The big idea is that vector search has been the hidden retrieval engine behind the most valuable ranking systems for years, long before generative AI made embeddings mainstream. In practice, these products turn users, queries, posts, or items into numeric representations, then retrieve the nearest matches before a separate ranking layer decides what to show. That is why feed ranking, search, and recommendations all look different on the surface, but share the same core retrieval pattern underneath.

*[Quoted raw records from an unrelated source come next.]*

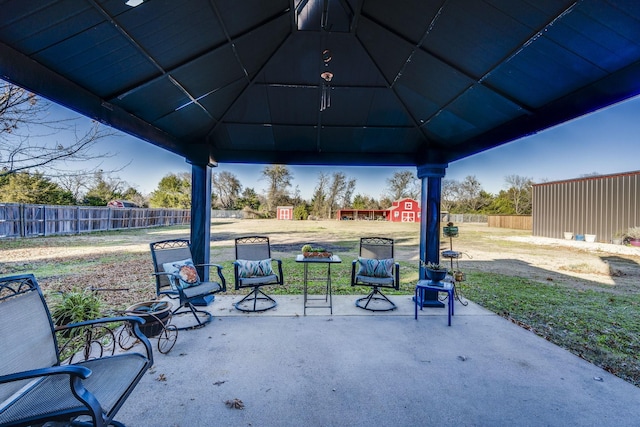 view of patio with a gazebo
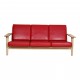 Hans J Wegner 3-personers sofa with red leather and an oak wood frame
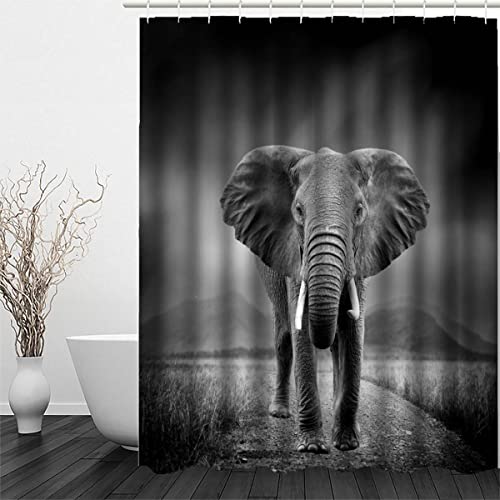 RFFLUX 3D Elefant Design Duschvorhang Anti Schimmel 240 x 200 cm mit 12 Ringe Polyester Afrika Tiere Duschvorhänge Anti-Bakteriell Waschbar Wasserdicht Badvorhänge für Badezimmer von RFFLUX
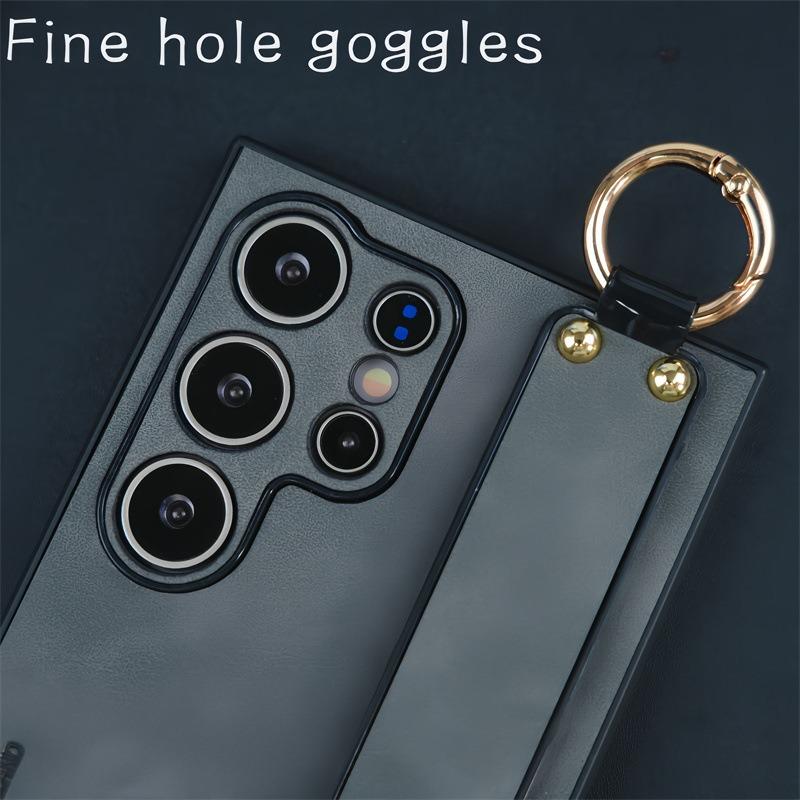 For Samsung S25Ultra S25 S24 S23 S22 S21 Case With Wristband, Matte Durable Faux Leather Kickstand Shockproof Phone Case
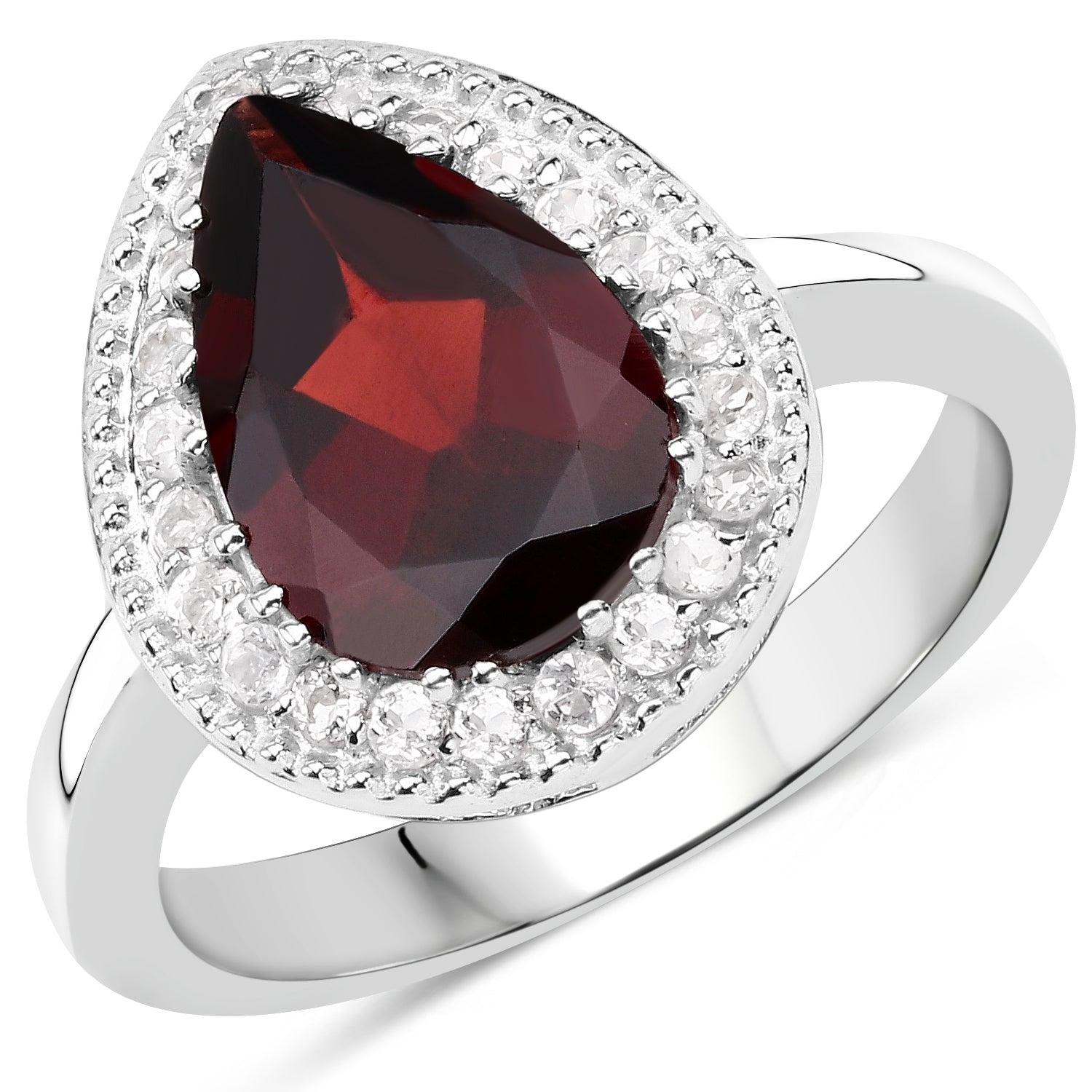 3.94 Carat Genuine Garnet &amp; White Topaz .925 Sterling Silver Ring  DestGlow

  • At Meta, large scale recommendation is explicitly a multi stage system. It first pulls candidate content using retrieval models and embeddings, then applies ranking and diversity controls. In Instagram Explore, item embeddings close to a user embedding are used as candidates for ranking, which is the clearest example of vector search inside a feed product.
  • At Google, modern search is not just keyword lookup. Google says neural matching helps represent concepts in queries and pages and match them to one another, and BERT helps both retrieving and ranking results. That means semantic vector style retrieval is part of search, even if the full system also includes links, freshness, safety, and many other signals.
  • At Amazon, recommendation began with item to item collaborative filtering, which builds a similarity index so the site can quickly surface related products. Over time Amazon expanded into richer recommendation models, but the core job is still nearest neighbor style retrieval, finding products that sit close together in a learned representation space and then ordering them for the shopper.

The next step is that the same retrieval primitive is moving from internal big tech systems into standard developer infrastructure. As more apps store embeddings for documents, products, users, and actions, vector databases become less like a niche AI tool and more like a default system for search, recommendations, and agent memory across software.